Henry Minns was born and brought up in Chelmsford and first served in the army between 1895 and 1903, seeing service in the South African War and in Egypt. He married in 1904 and had eight children and worked at Hoffmann’s bearings factory in Chelmsford. He rejoined the army and landed in France in May 1915 and was shot in the head and killed the following month near Ypres. His home was in Upper Bridge Road.

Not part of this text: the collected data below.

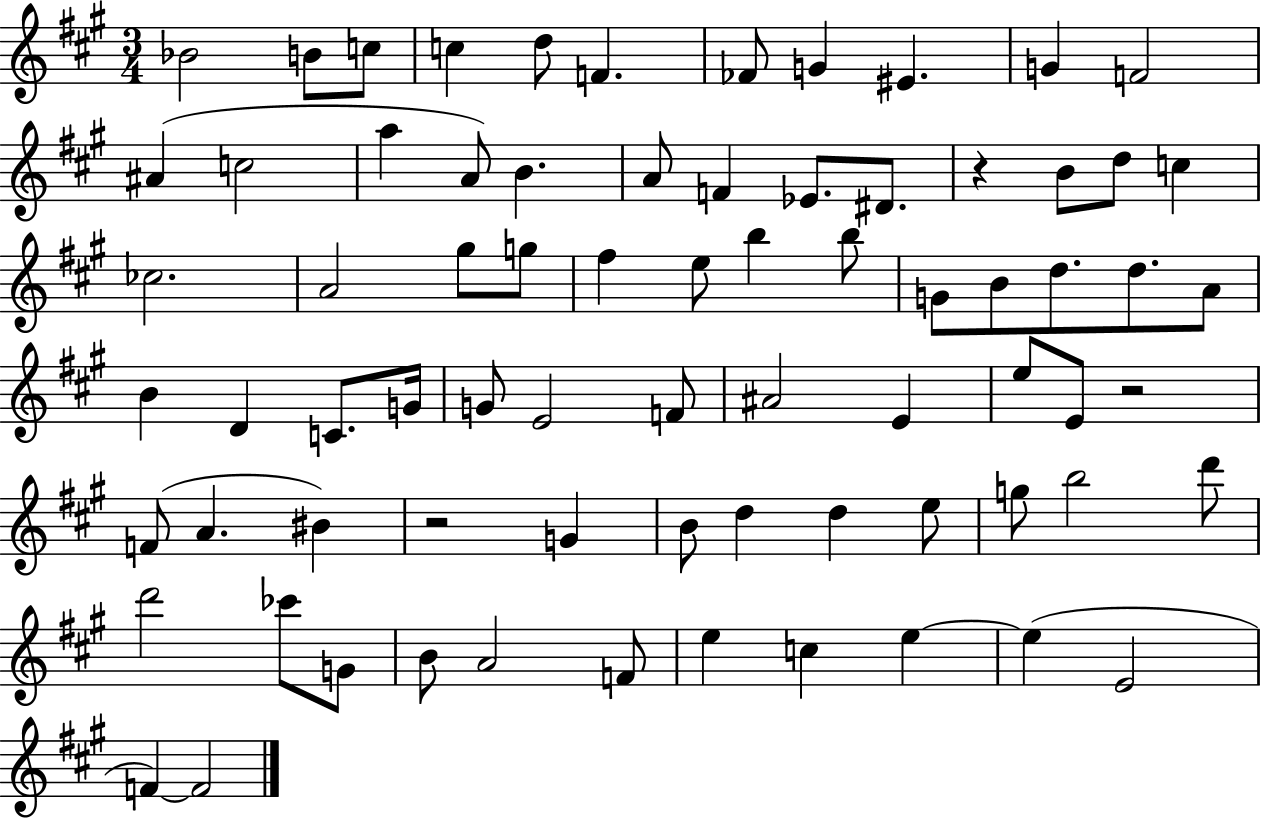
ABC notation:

X:1
T:Untitled
M:3/4
L:1/4
K:A
_B2 B/2 c/2 c d/2 F _F/2 G ^E G F2 ^A c2 a A/2 B A/2 F _E/2 ^D/2 z B/2 d/2 c _c2 A2 ^g/2 g/2 ^f e/2 b b/2 G/2 B/2 d/2 d/2 A/2 B D C/2 G/4 G/2 E2 F/2 ^A2 E e/2 E/2 z2 F/2 A ^B z2 G B/2 d d e/2 g/2 b2 d'/2 d'2 _c'/2 G/2 B/2 A2 F/2 e c e e E2 F F2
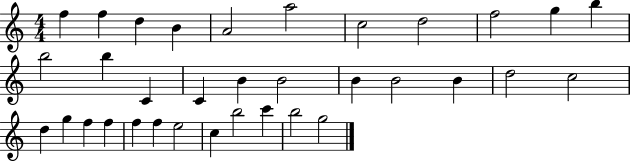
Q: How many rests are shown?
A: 0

A brother was also shot in the head and killed while serving with the 2nd Battalion, Essex Regiment.


Private, 2nd Battalion, Essex Regiment (formerly of the Rifle Brigade)

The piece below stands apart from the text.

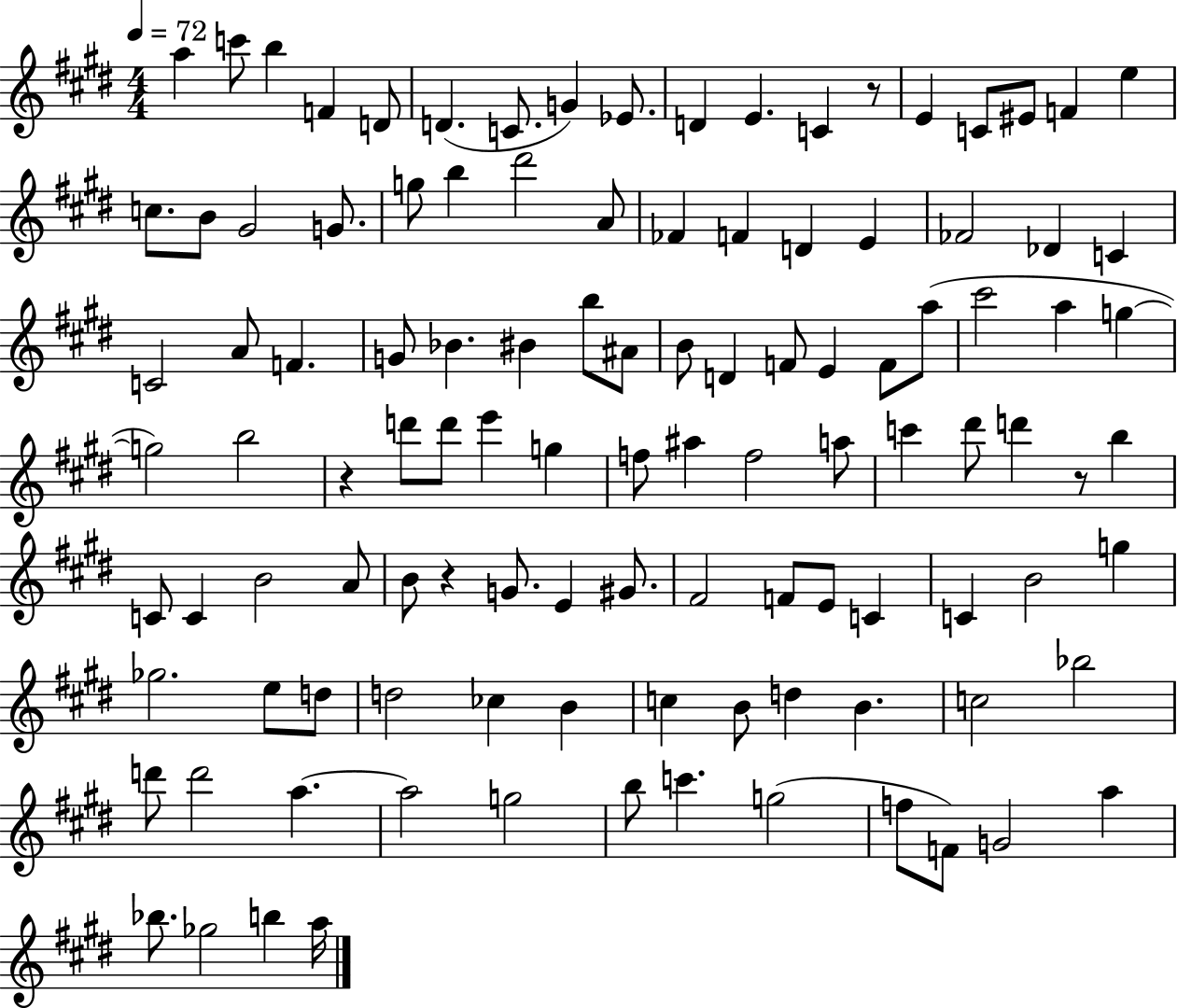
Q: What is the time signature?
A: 4/4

Henry rejoined the army. enlisted at Chelmsford in to the Essex Regiment, and landed in France on 1st May 1915. Within a few weeks he was killed in action when shot in the head on 19th June 1915 while serving as Private 16521 in the 2nd Battalion of the Essex Regiment. He was aged 37.

News of his death appeared in the Essex Weekly News on 26th June 1915:

“Pte. H. Minns, 2nd Essex, of Chelmsford, was killed on Saturday, being shot through the head. He had seen a lot of active service and was the holder of two medals for the Egyptian campaign, in which he served under Lord Kitchener, and two South African War medals. He went through the siege of Ladysmith and when the present war broke out he re-enlisted. He leaves a widow and eight children.”

A week later the Essex County Chronicle reported:

“Pt. H. Minns, 2nd Essex, of Chelmsford, was killed on June 19, being shot through the head. He had seen a lot of active service, being formerly with the Rifle Brigade, and was the holder of two medals for the Egyptian campaign in which he served under Lord Kitchener, and two South African War medals. He went through the siege of Ladysmith, and when the present war broke out he re-enlisted. He leaves widow and eight children.”

Henry is commemorated on the Ypres (Menin Gate) Memorial, West-Vlaanderen, Belgium, on the Civic Centre Memorial, Chelmsford, on the Hoffmann Manufacturing Company’s War Memorial at Chelmsford Cathedral, and the Moulsham Parish Memorial, St John’s Church, Moulsham. His name on the Menin Gate is adjacent that of William Marrable.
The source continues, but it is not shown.